20 July 2020 07:43 WIB
Oleh : eko

Atletico Peringkat Ketiga

GOL telat pemain pengganti Real Sociedad Adnan Januzaj memastikan hasil imbang 1-1 di Atletico Madrid pada hari terakhir musim Liga ketika mereka finis di urutan keenam untuk mengamankan tempat Liga Eropa.

Hasil imbang itu membuat Atletico berada di urutan ketiga dengan 70 poin, terpaut 17 dari juara Real Madrid dan 12 di belakang Barcelona.
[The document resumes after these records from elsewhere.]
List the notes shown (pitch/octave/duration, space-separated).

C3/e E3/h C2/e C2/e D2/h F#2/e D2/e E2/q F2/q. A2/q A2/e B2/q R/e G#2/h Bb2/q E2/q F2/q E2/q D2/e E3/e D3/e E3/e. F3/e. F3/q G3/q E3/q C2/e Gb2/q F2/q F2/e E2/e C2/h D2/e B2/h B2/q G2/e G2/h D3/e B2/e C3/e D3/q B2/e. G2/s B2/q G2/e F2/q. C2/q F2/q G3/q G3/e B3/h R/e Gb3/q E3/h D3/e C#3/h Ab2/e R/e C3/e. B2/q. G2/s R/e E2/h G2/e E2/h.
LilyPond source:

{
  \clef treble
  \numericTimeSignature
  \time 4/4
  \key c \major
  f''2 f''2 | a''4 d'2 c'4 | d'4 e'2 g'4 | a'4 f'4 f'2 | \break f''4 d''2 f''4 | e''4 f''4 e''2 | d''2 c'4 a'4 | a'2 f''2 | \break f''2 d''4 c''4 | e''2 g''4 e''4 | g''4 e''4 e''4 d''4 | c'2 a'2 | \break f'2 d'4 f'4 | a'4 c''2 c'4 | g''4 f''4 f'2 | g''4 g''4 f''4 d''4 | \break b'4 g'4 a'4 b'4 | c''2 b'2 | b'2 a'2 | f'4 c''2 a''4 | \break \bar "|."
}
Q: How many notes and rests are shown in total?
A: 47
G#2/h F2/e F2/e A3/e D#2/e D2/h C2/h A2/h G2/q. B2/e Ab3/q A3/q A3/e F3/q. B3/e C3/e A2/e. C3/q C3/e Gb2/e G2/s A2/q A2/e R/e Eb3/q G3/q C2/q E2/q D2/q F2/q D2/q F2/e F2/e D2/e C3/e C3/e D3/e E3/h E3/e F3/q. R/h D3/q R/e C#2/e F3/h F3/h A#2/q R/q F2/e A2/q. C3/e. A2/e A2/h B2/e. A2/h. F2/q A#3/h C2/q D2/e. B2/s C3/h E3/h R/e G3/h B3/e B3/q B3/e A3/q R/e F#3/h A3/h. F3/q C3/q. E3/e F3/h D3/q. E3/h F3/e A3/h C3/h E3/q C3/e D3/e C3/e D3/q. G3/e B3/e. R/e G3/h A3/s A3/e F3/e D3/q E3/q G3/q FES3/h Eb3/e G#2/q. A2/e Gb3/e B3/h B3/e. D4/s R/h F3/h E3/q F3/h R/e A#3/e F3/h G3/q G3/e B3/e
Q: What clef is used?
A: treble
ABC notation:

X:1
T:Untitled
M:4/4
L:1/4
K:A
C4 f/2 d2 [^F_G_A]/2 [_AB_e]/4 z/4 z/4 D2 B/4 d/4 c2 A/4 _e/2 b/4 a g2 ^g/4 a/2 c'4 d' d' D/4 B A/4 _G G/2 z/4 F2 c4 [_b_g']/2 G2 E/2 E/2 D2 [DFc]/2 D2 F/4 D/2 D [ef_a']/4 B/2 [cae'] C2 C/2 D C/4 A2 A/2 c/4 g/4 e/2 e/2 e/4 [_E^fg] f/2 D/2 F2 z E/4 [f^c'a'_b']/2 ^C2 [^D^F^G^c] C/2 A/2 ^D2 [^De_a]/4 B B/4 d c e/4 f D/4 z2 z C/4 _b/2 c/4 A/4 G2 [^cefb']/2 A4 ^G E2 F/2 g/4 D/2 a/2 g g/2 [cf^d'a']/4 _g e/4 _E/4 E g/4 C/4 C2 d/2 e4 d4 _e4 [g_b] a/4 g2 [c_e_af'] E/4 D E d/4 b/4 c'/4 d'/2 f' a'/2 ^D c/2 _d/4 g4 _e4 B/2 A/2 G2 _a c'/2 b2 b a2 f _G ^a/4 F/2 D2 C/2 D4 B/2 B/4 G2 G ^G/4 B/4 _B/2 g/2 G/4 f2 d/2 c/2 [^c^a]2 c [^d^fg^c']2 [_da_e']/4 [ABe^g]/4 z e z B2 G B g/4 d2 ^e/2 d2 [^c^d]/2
Mereka akan bergabung di Liga Champions musim depan oleh Sevilla yang sudah berada di posisi keempat, yang mengalahkan Valencia 1-0.

Granada memalu Athletic Bilbao 4-0 untuk meraih tempat ketujuh dan satu tempat di babak kualifikasi Liga Eropa kedua.
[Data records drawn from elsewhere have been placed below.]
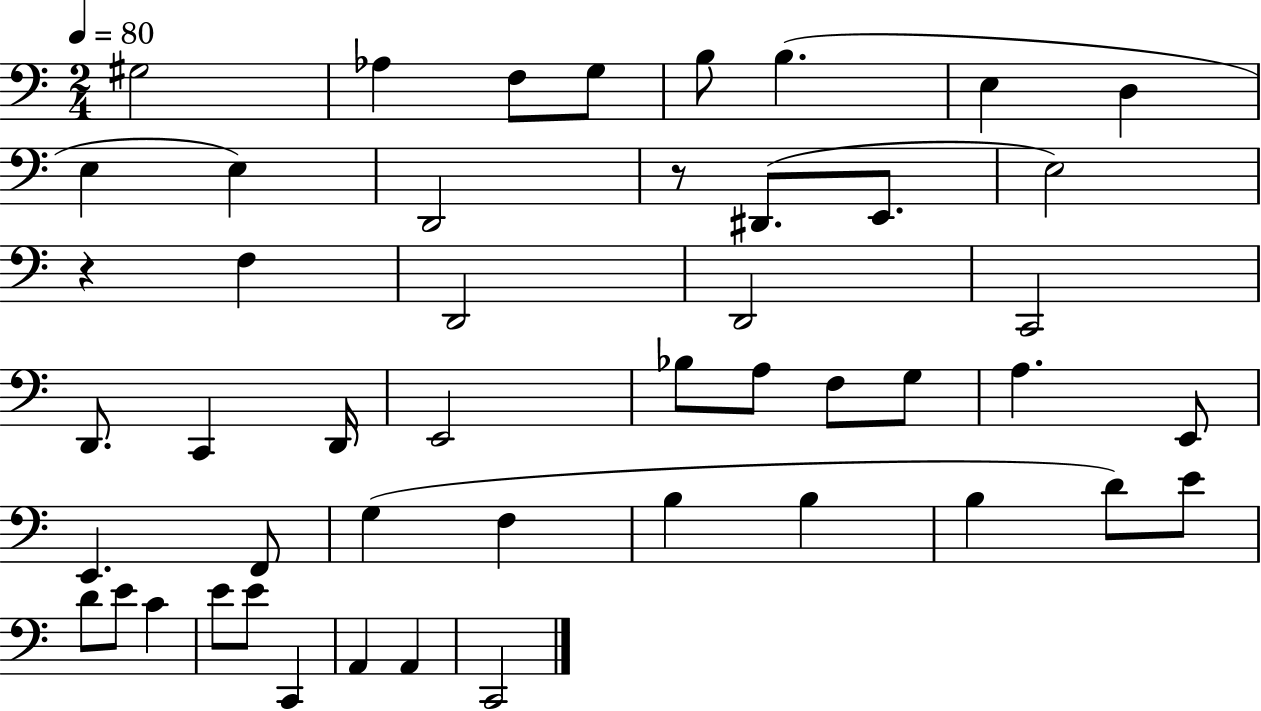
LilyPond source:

{
  \clef bass
  \numericTimeSignature
  \time 2/4
  \key c \major
  \tempo 4 = 80
  \repeat volta 2 { gis2 | aes4 f8 g8 | b8 b4.( | e4 d4 | \break e4 e4) | d,2 | r8 dis,8.( e,8. | e2) | \break r4 f4 | d,2 | d,2 | c,2 | \break d,8. c,4 d,16 | e,2 | bes8 a8 f8 g8 | a4. e,8 | \break e,4. f,8 | g4( f4 | b4 b4 | b4 d'8) e'8 | \break d'8 e'8 c'4 | e'8 e'8 c,4 | a,4 a,4 | c,2 | \break } \bar "|."
}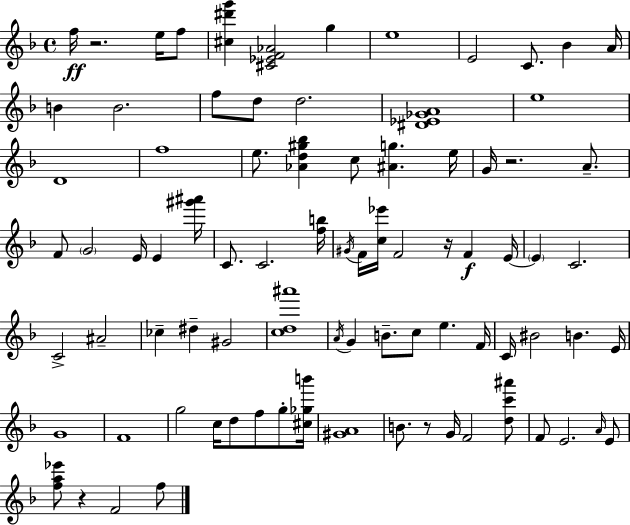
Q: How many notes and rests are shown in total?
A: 84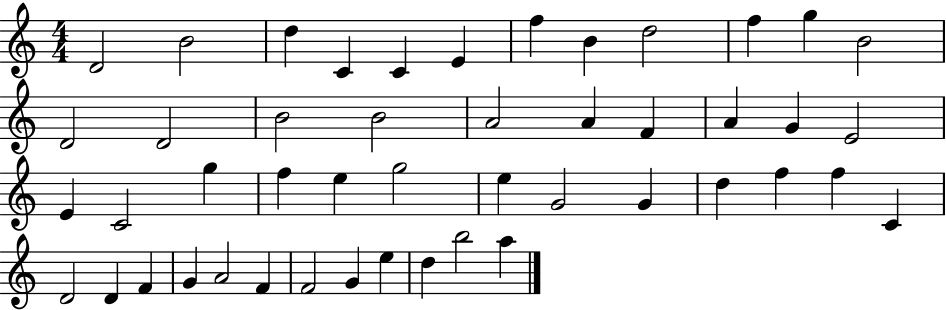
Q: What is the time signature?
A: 4/4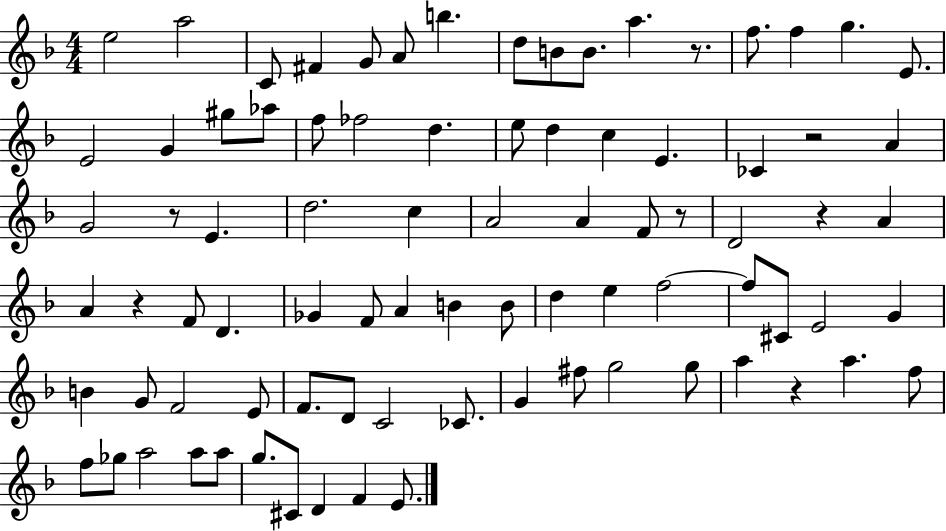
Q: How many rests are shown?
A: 7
Tempat Liga Europa ketiga biasanya diberikan kepada pemenang Copa del Rey tetapi sebaliknya pergi ke tim yang berada di peringkat ketujuh sebagai finalis Real Sociedad dan Athletic Bilbao meminta agar laga ditunda karena pandemi Covid-19,  sampai musim depan agar para suporter mereka bisa menyaksikan pertandingan itu. 

Hanya membutuhkan satu poin untuk bisa masuk ke Eropa musim depan, impian Real Sociedad hampir hancur ketika sebuah backheel yang sangat brilian dari pemain Atleti Alvaro Morata melakukan umpan terobosan untuk Koke untuk melepaskan tembakan pada tanda setengah jam.
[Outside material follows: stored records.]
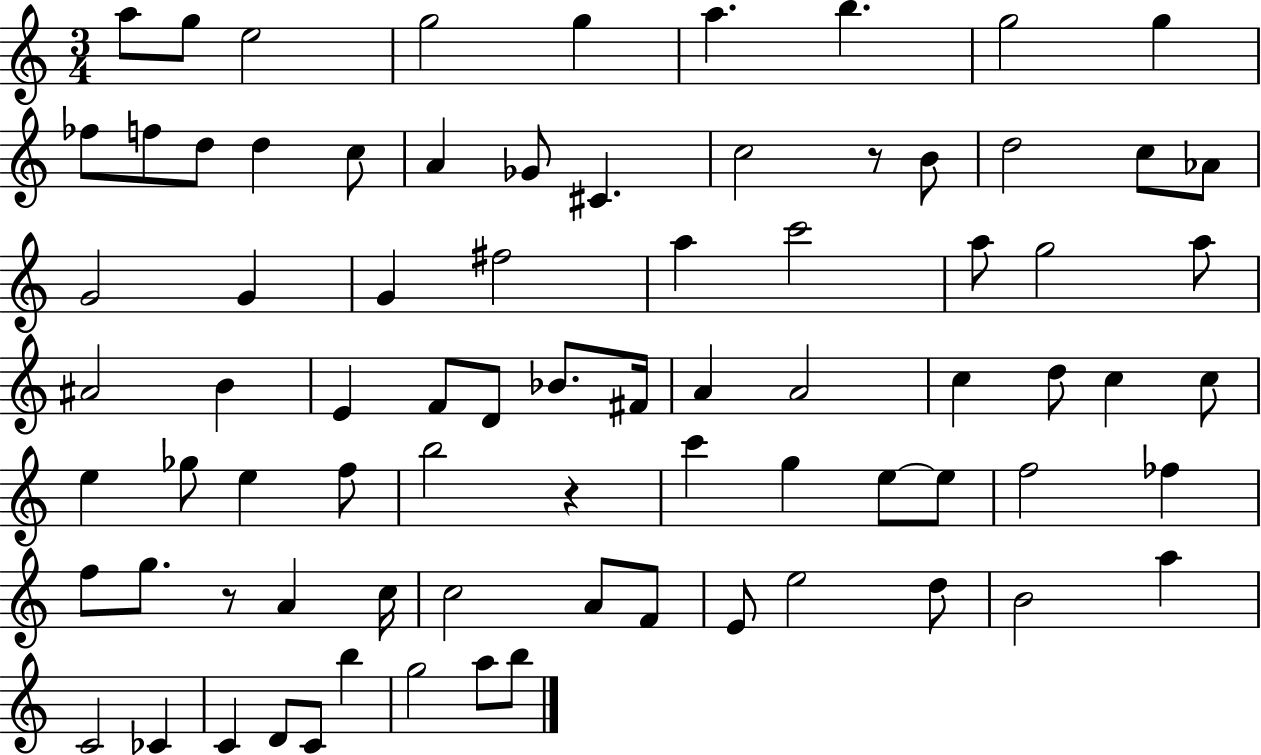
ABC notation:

X:1
T:Untitled
M:3/4
L:1/4
K:C
a/2 g/2 e2 g2 g a b g2 g _f/2 f/2 d/2 d c/2 A _G/2 ^C c2 z/2 B/2 d2 c/2 _A/2 G2 G G ^f2 a c'2 a/2 g2 a/2 ^A2 B E F/2 D/2 _B/2 ^F/4 A A2 c d/2 c c/2 e _g/2 e f/2 b2 z c' g e/2 e/2 f2 _f f/2 g/2 z/2 A c/4 c2 A/2 F/2 E/2 e2 d/2 B2 a C2 _C C D/2 C/2 b g2 a/2 b/2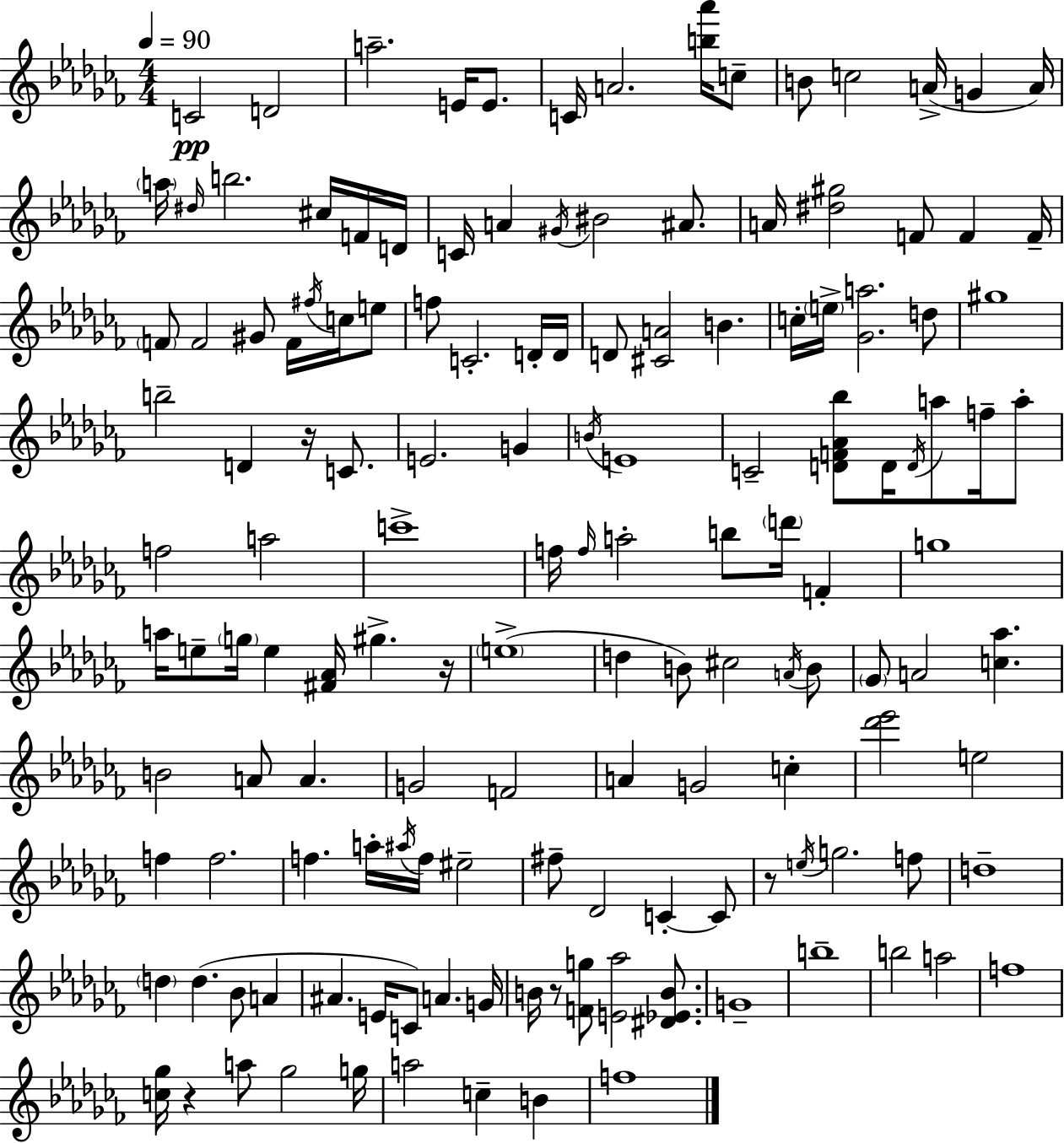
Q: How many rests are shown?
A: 5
Namun, tendangan bebas Januzaj tiga menit sebelum waktunya melayang ke gawang, mengamankan tempat bagi Sociedad di Eropa musim depan.

"Pada babak pertama saya memberi tahu para pemain bahwa kami akan melakukannya dan pada menit ke-80, dan kami mencetak gol di menit ke-86. Tim tidak pernah berhenti percaya dan saya pikir dengan menyelesaikan keadilan keenam telah dilakukan," kata pelatih Sociedad Imanol Alguacil.

"Saya merasa sangat bangga menjadi pelatih klub hebat ini dan untuk masuk ke Eropa dan atas cara kami melakukannya."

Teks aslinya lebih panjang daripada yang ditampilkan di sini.